Две женщины внесли на носилках девочку лет одиннадцати-двенадцати, всю в крови… Она все время стонала и звала мать:
— Мама, где ты, дай руку, мне больно.
Девочка поворачивала то в одну, то в другую сторону русую головку, обводя нас мутным взглядом. Врач, сухонький, весь беленький, вошел в подвал через запасной ход. Он сделал раненой укол и попросил меня переложить девочку с носилок на топчан. Я осторожно взял ее на руки. Девочка едва приметно вздрогнула и попросила воды.
Врач стал накладывать уже ненужную повязку… Через несколько минут девочка умерла.

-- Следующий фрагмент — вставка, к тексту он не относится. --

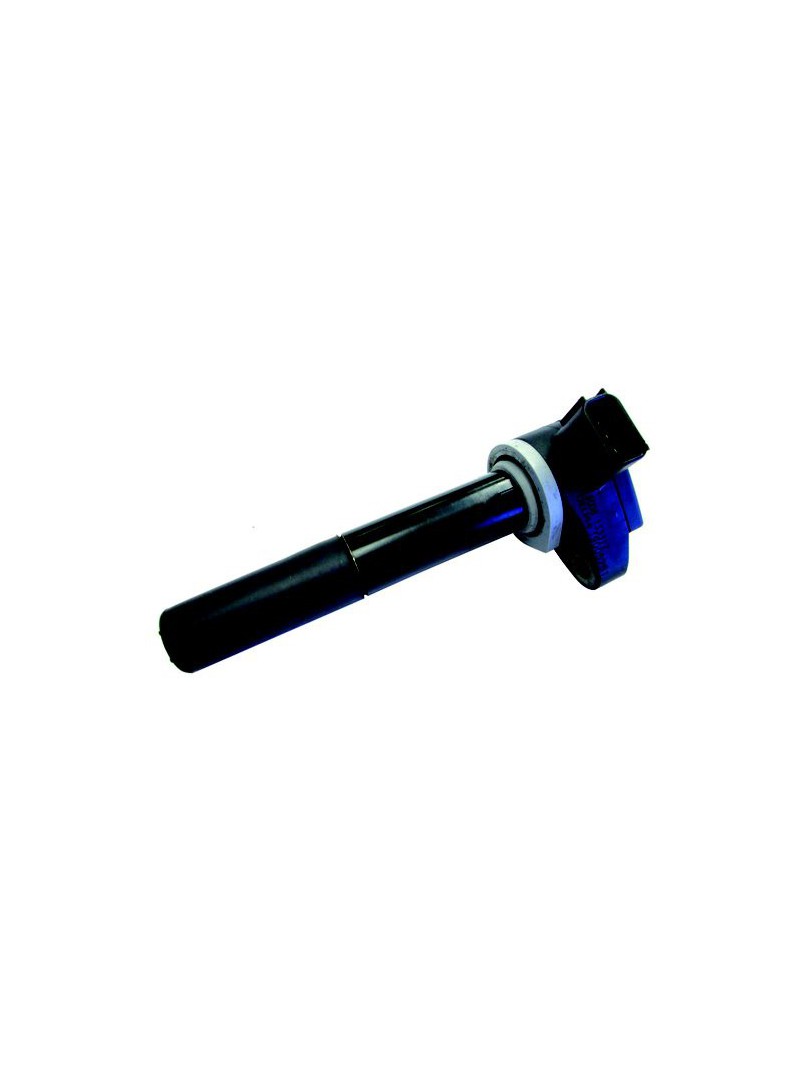 bobine crayon pour Mercury/Mariner  75/85/90/100/115cv  135-400 Verado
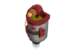 Item icon Russian Rocketeer.png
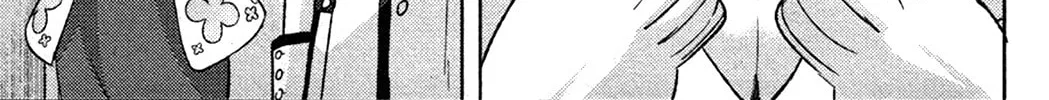 Kanojo ga Flag wo Oraretara Chapter 1 page 15 - 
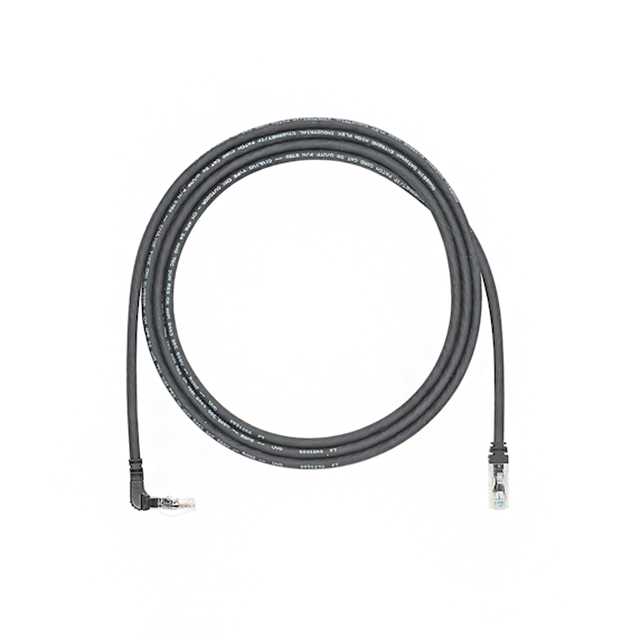 PANDUIT 其他工具 VS-AVT-CABLE-02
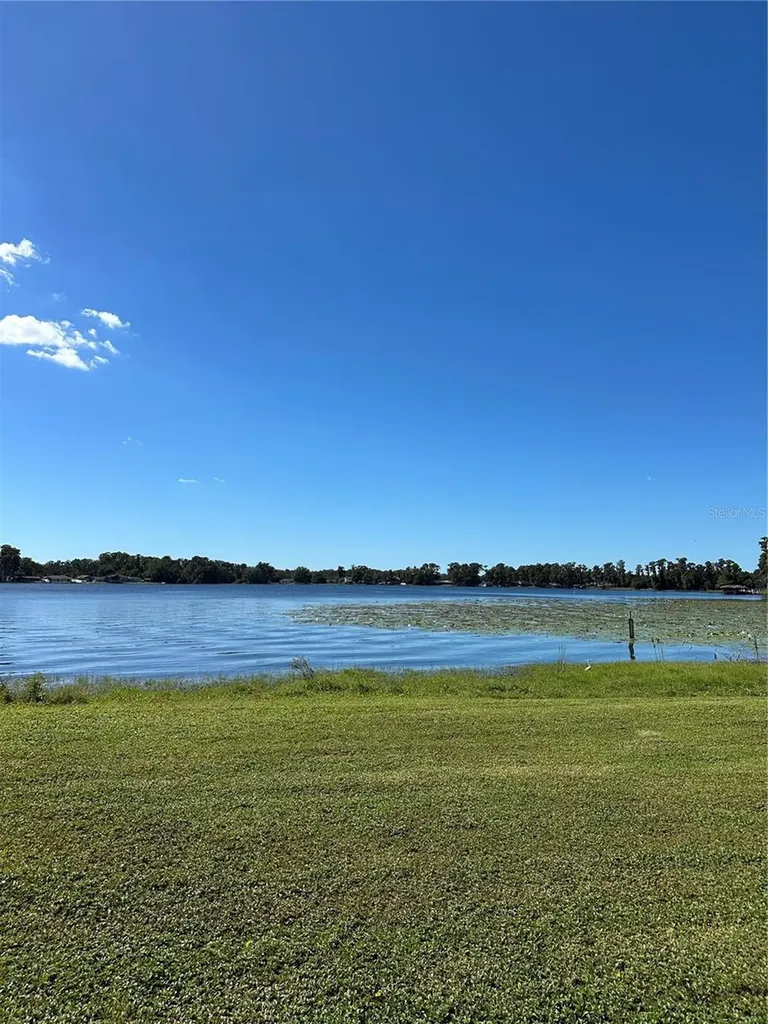 Ocasta Avenue New Port Richey FL 34654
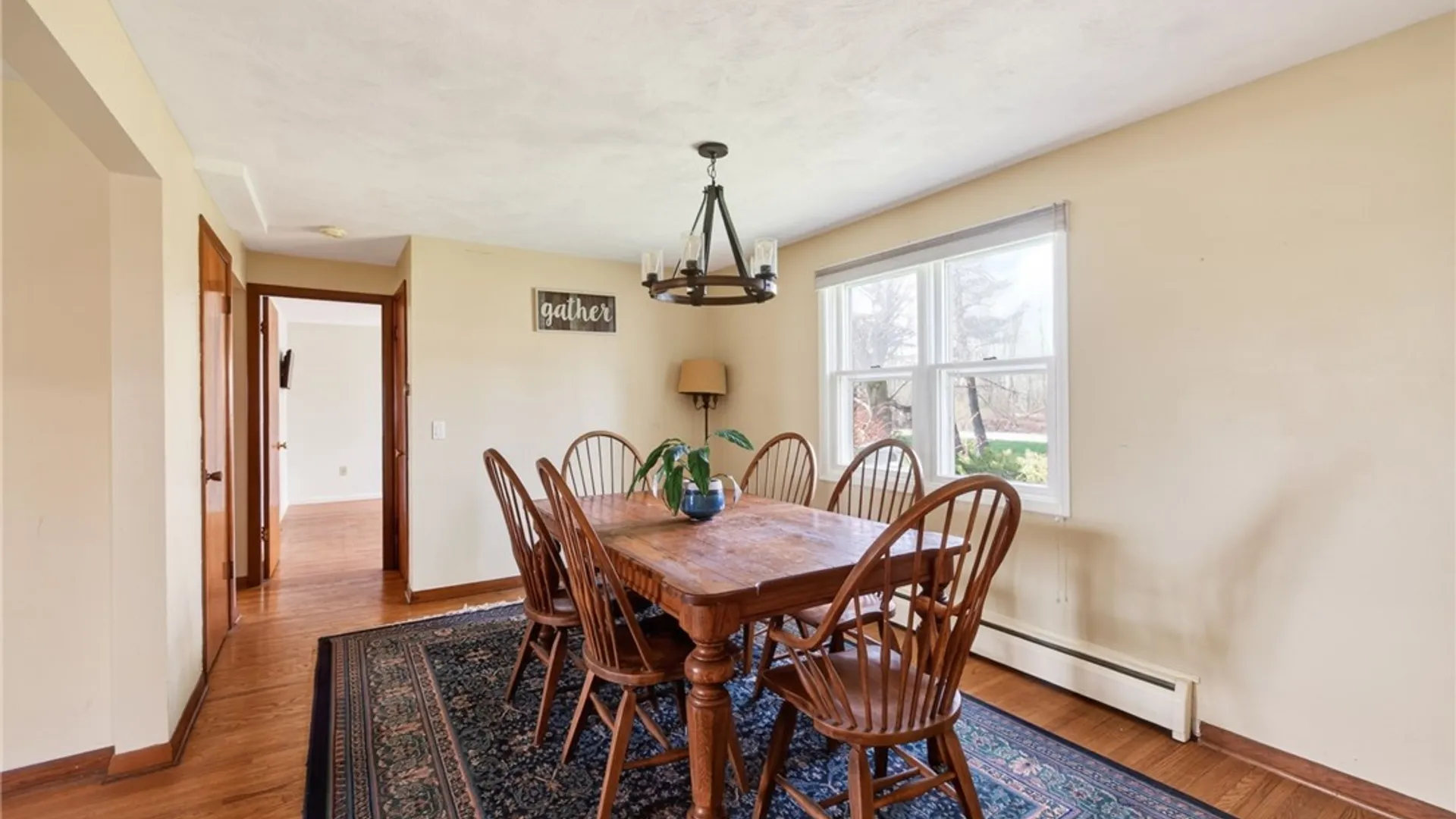 Property at 7724 Newco Drive, Hamlin, NY 14464 22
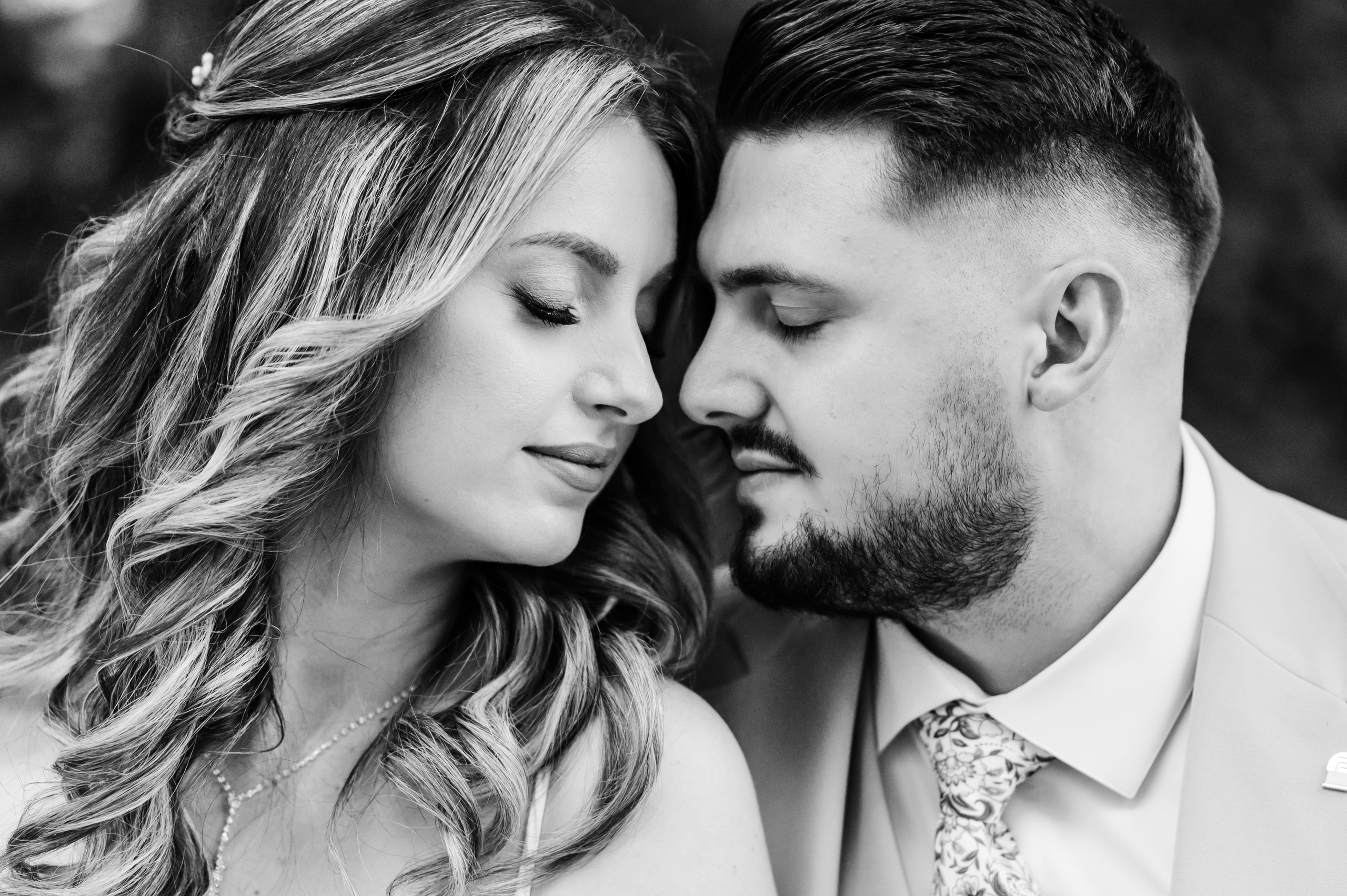 Cununie Civila Alex & Mădălina (Valcea 2026). Sabin Florin Fotograf Nunta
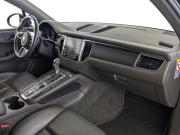 Porsche Macan I Москва  - изображение 52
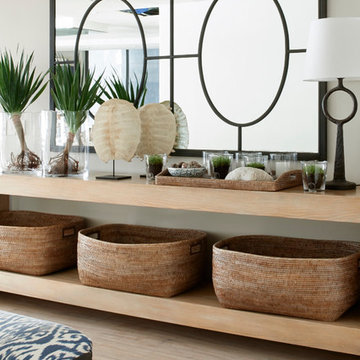Clifton Apartment, Cape Town, South Africa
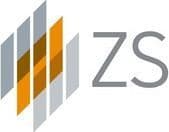 ZS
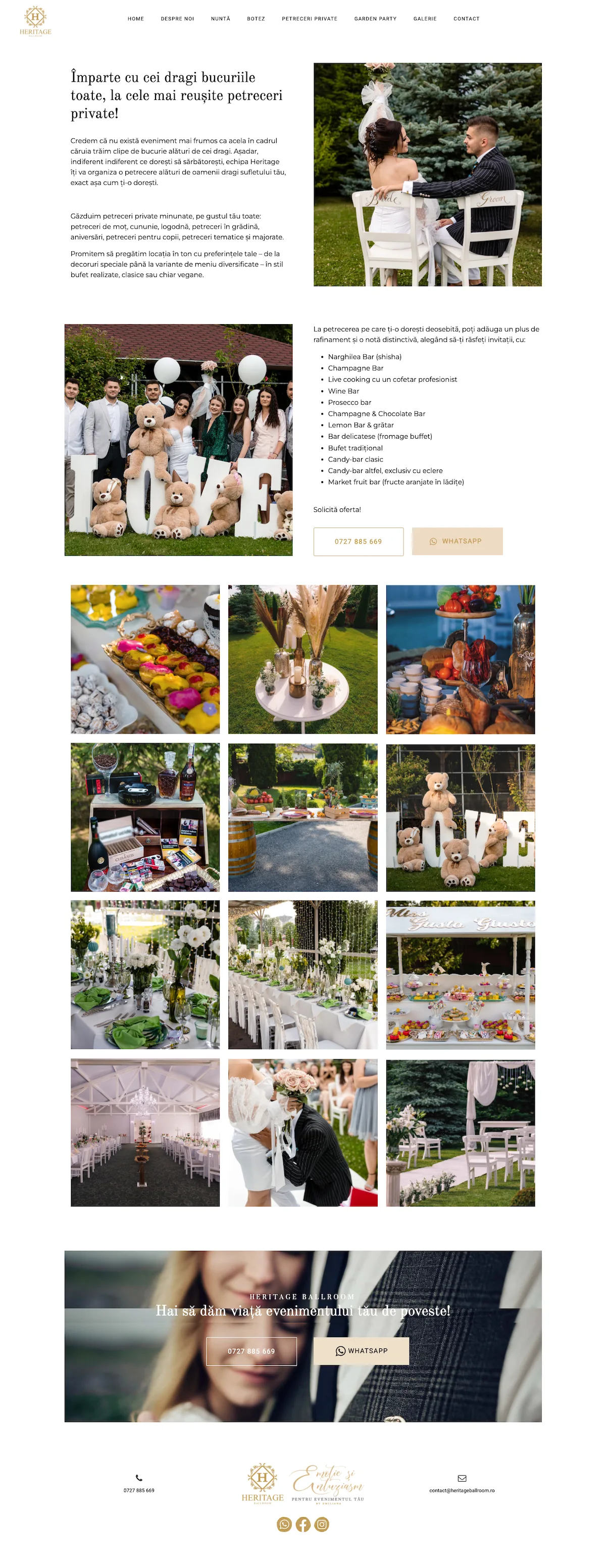 heritageballroom.ro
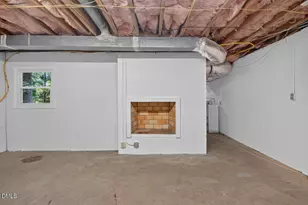 3503 Eastis Dr, Durham, NC 27705 - Photo 44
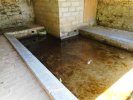 Lavoir de THONNE LA LONG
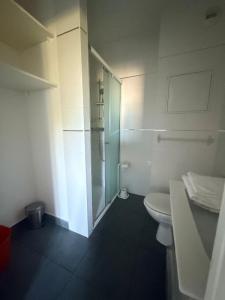 For rent Avrainville 1 room 21 m2 Essonne (91630) photo 1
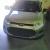 Lady driven Ford Ecosport for sale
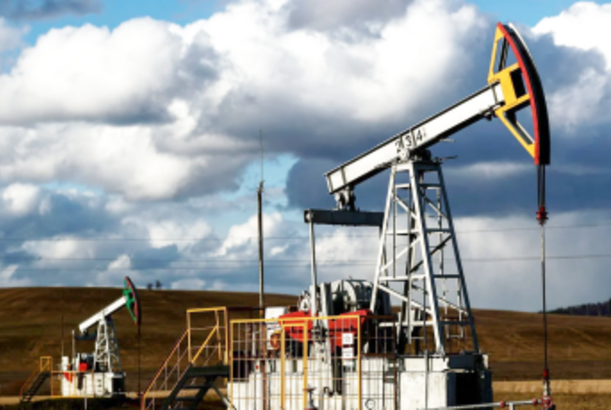 Qərb ölkələri neft ehtiyatlarını rekord səviyyəyə qədər aça bilərlər...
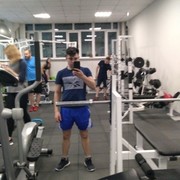  ,   Ars, 35 ,   c 
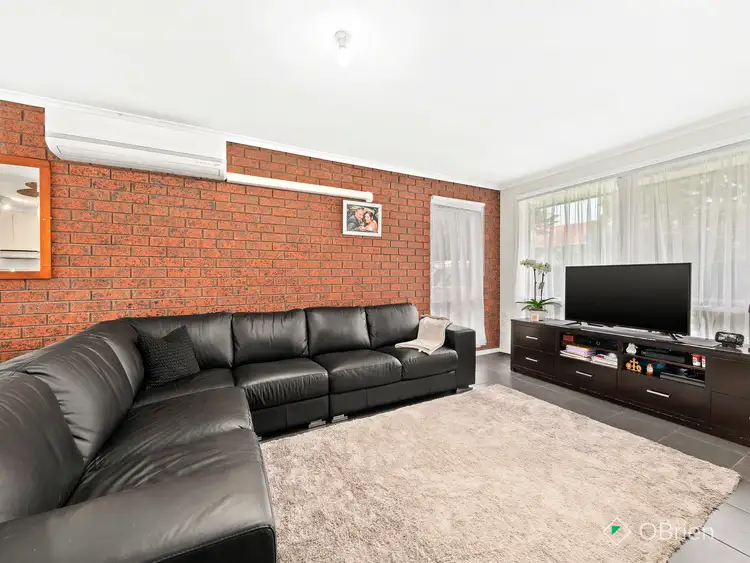 Second view of Homely unit listing, 3/285 Canterbury Road, Bayswater North VIC 3153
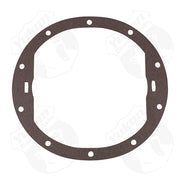 Yukon Gear and Axle YCGGM8.5 - 8.2" & 8.5" rear cover gasket. 4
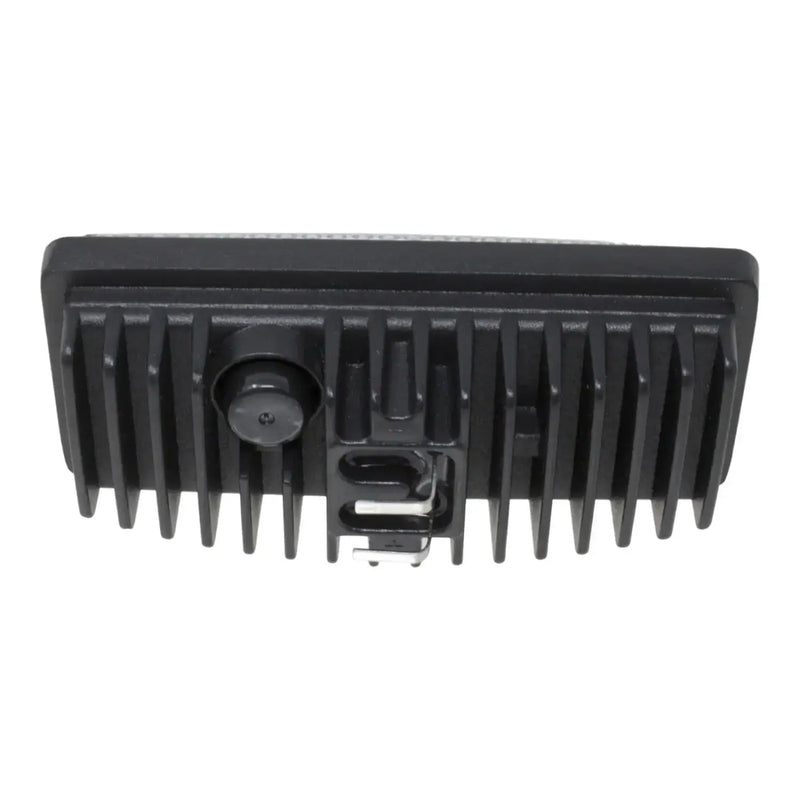 DURAFORCE RE161288, LED Headlight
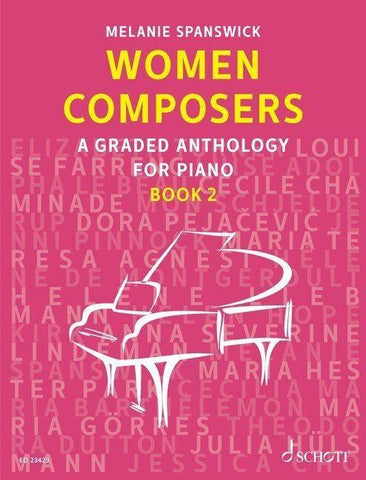 Women Composers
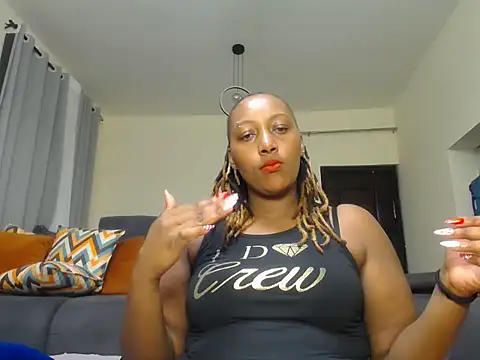 Snapshot of nasty_rasta chatting on December 3, 2025, 5:23 pm nasty rasta online show from December 3, 2025, 5:23 pm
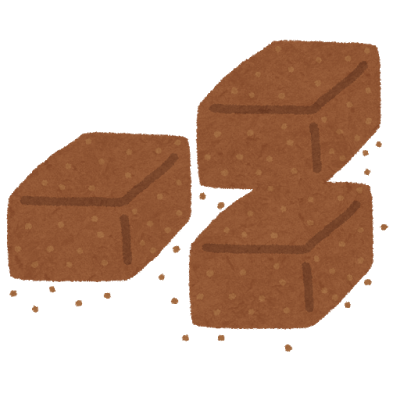 f:id:nacho___cheese:20170614201254p:plain f:id:nacho___cheese:20170614201254p:plain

Тетя Паша сложила тоненькие детские руки на груди умершей, связала их кусочком марли и трижды перекрестила.
Душно стало в подвале, не хватало воздуха. Я вышел во двор. Артиллерийский обстрел прекратился. Стояла изумительная тишина. От Нарвских ворот в сторону фронта отошел одинокий трамвайный вагон. Он шел медленно, постукивая колесами на стыках рельсов.
Я постоял некоторое время у Дома культуры, поджидая товарищей, но ни Акимов, ни Андреев не появлялись. Перед моими глазами все еще стоял образ погибшего ребенка. Смерть девочки с русой головкой живо напомнила мне гибель моего старшего сына Вити. Мне до безумия хотелось пойти к моему осиротевшему Володеньке, побыть с ним вместе хотя одну минуту, но у меня не было отдельного увольнительного удостоверения, и я вынужден был с горечью в сердце отказаться от этой мысли. Постоял еще несколько минут на углу Нарвского проспекта и пошел пешком на фронт.